┌─ RECORDS FOR THE EXERCISE

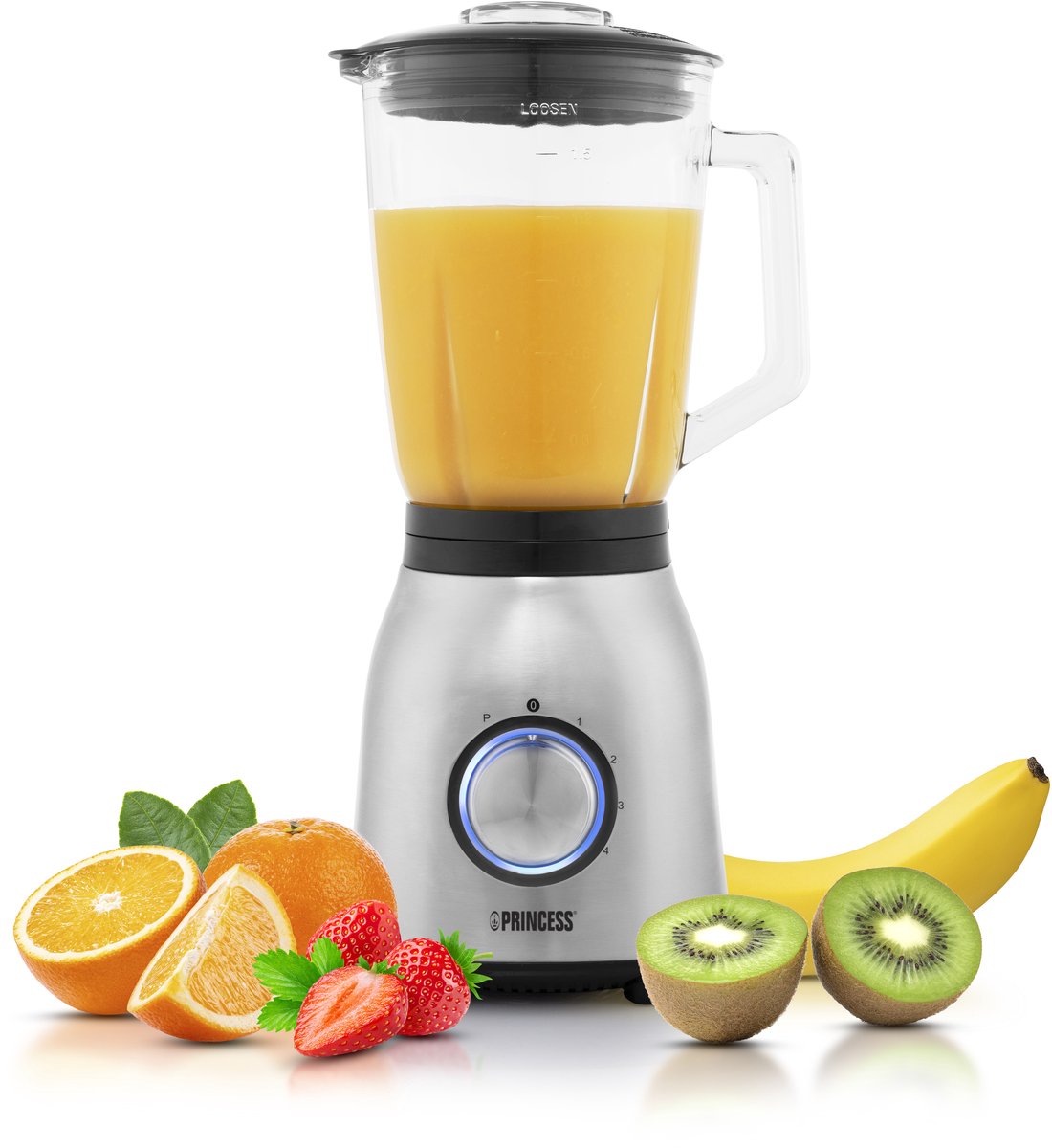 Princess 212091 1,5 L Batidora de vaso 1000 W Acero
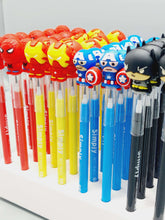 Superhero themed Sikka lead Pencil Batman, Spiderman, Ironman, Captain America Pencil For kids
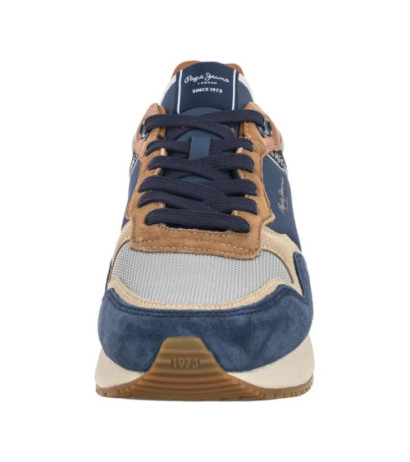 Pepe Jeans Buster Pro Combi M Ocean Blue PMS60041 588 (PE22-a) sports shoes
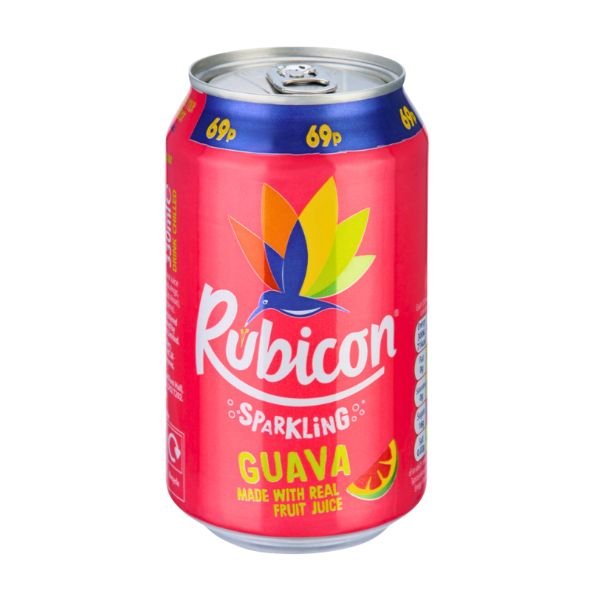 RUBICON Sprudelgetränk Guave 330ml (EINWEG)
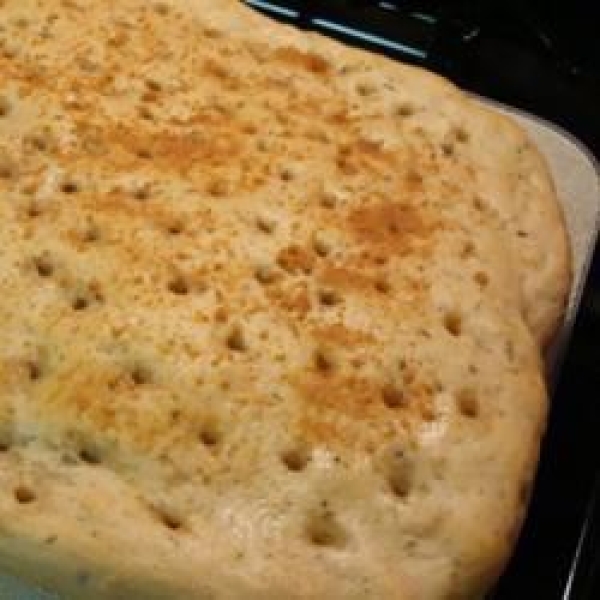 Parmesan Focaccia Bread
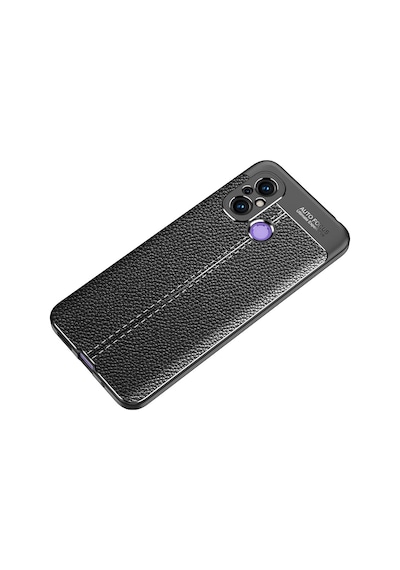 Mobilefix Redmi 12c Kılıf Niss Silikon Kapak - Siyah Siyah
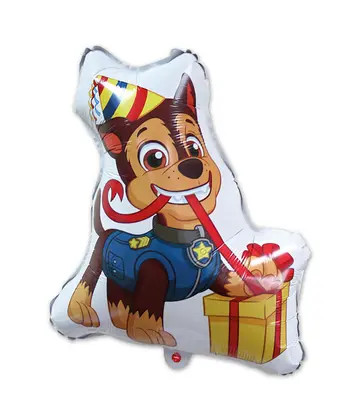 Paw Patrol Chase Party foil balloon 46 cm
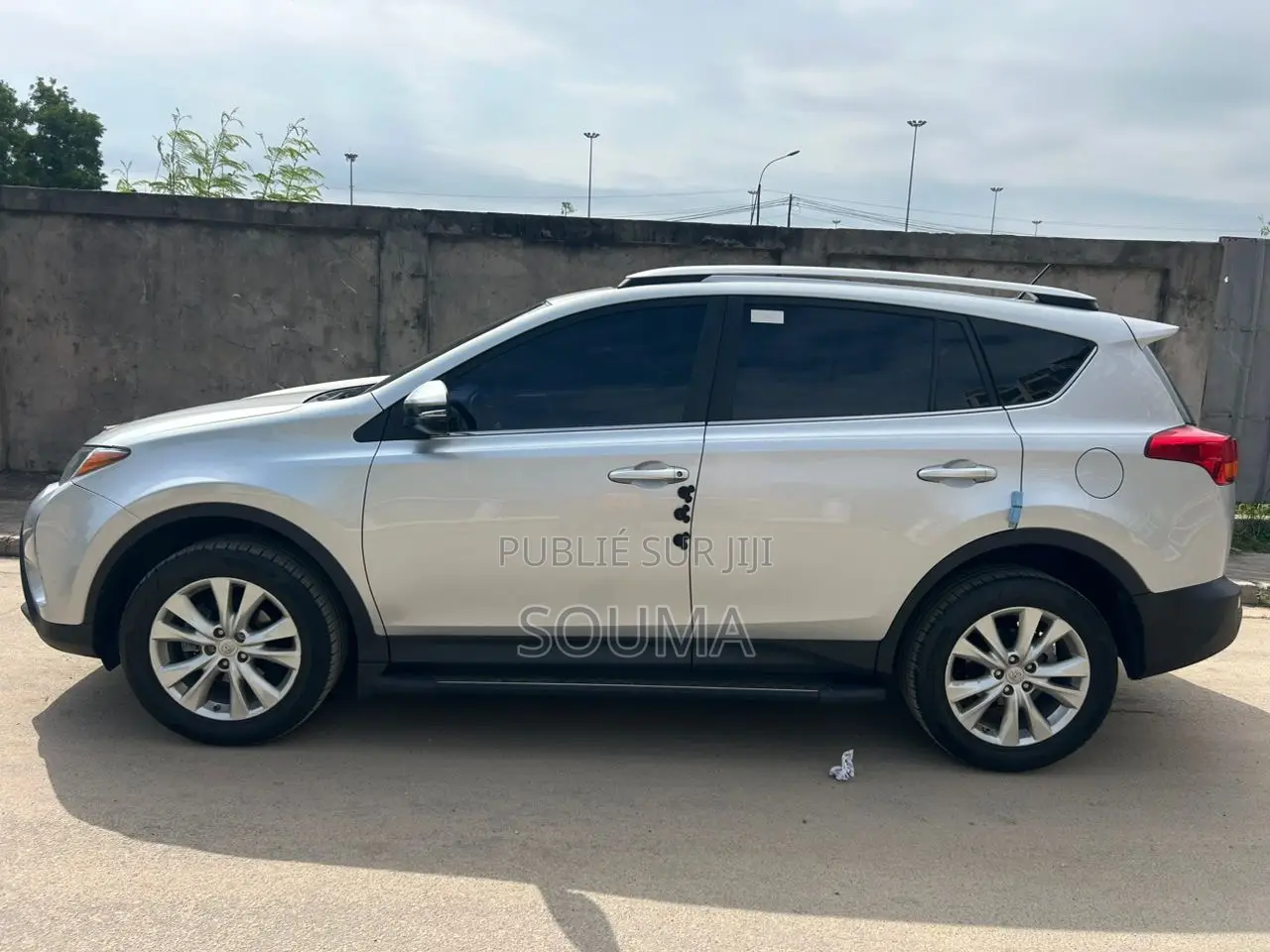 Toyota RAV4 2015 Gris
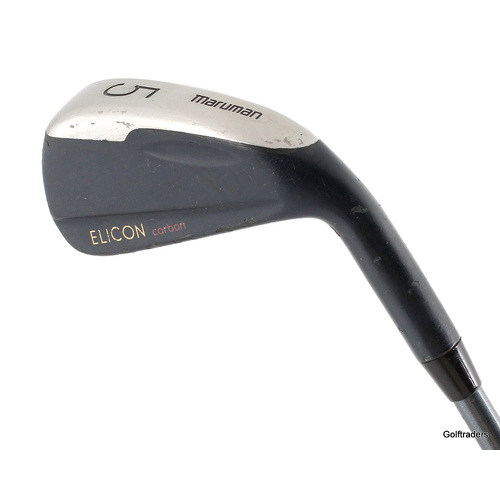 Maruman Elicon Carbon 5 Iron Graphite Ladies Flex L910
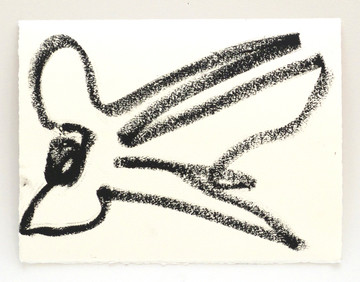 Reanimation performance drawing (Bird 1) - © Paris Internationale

└─
┌─ RECORDS FOR THE EXERCISE

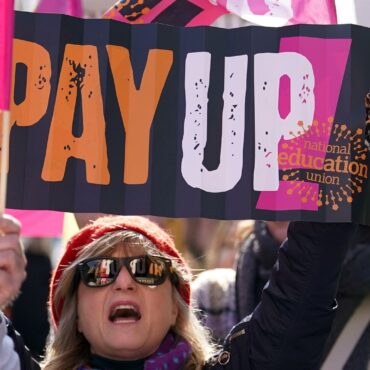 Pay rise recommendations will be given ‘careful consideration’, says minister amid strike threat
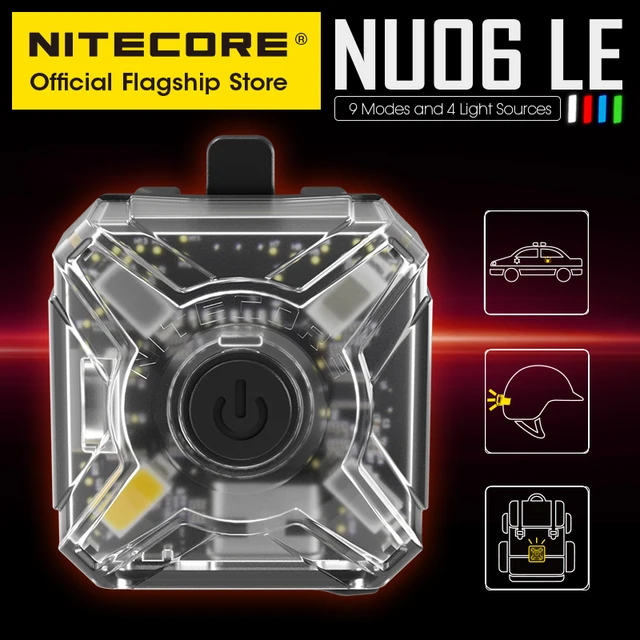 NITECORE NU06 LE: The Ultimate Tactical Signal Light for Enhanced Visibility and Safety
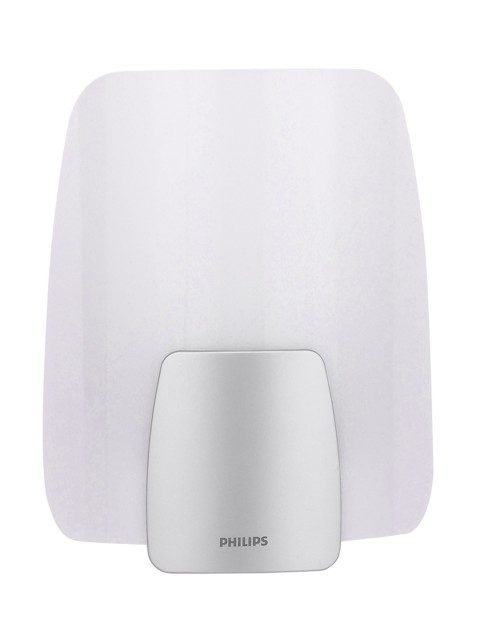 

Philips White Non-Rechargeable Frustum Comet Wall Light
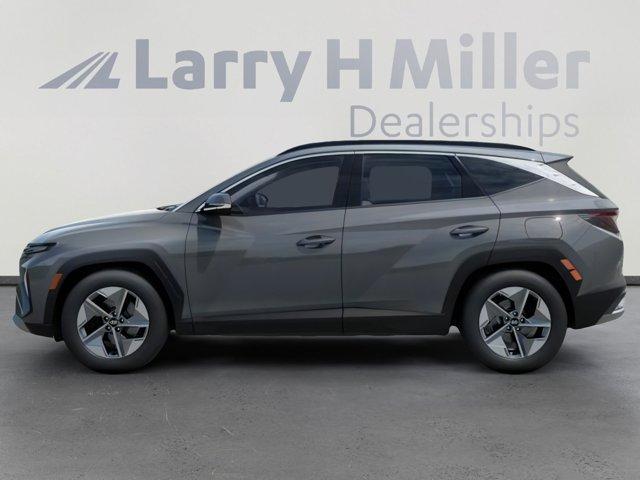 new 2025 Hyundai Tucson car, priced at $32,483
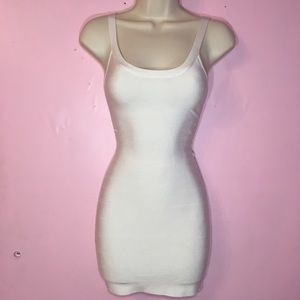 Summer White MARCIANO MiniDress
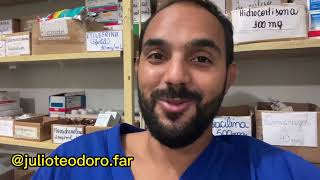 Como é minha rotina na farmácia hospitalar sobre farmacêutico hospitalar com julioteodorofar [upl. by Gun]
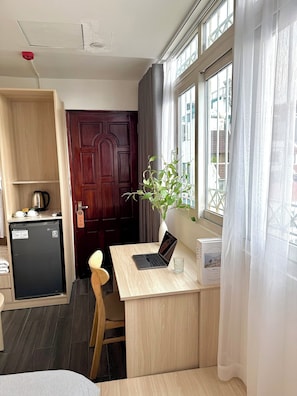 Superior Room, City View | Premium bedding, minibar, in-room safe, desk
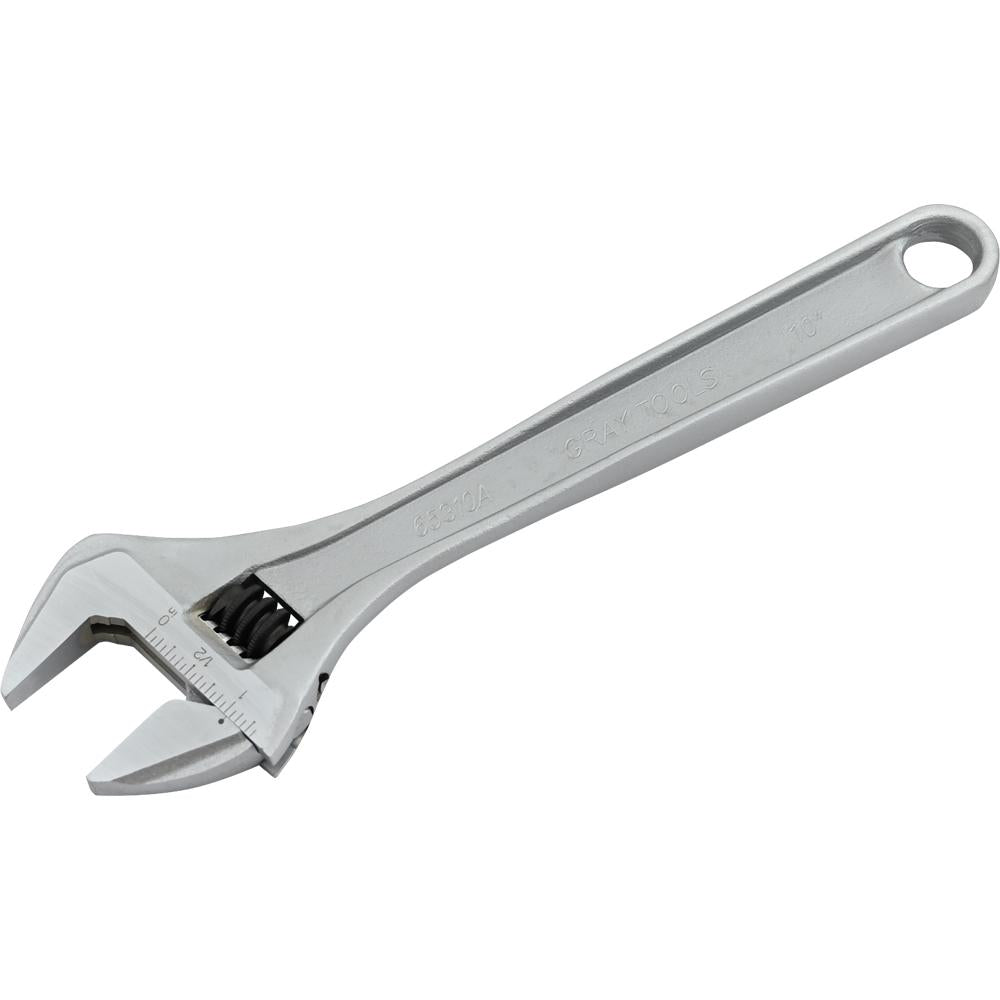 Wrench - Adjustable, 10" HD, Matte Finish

└─
┌─ RECORDS FOR THE EXERCISE

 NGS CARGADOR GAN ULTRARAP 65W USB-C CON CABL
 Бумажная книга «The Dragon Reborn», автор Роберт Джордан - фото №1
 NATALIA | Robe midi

└─

Exact copy, pictures excluded: every line above from the one containing "Paw Patrol Chase Party foil balloon 46 cm" to the one containing "Reanimation performance drawing", inclusive, and nothing more.

• **SOLUTION**:
 Paw Patrol Chase Party foil balloon 46 cm
 Toyota RAV4 2015 Gris
 Maruman Elicon Carbon 5 Iron Graphite Ladies Flex L910
 Reanimation performance drawing (Bird 1) - © Paris Internationale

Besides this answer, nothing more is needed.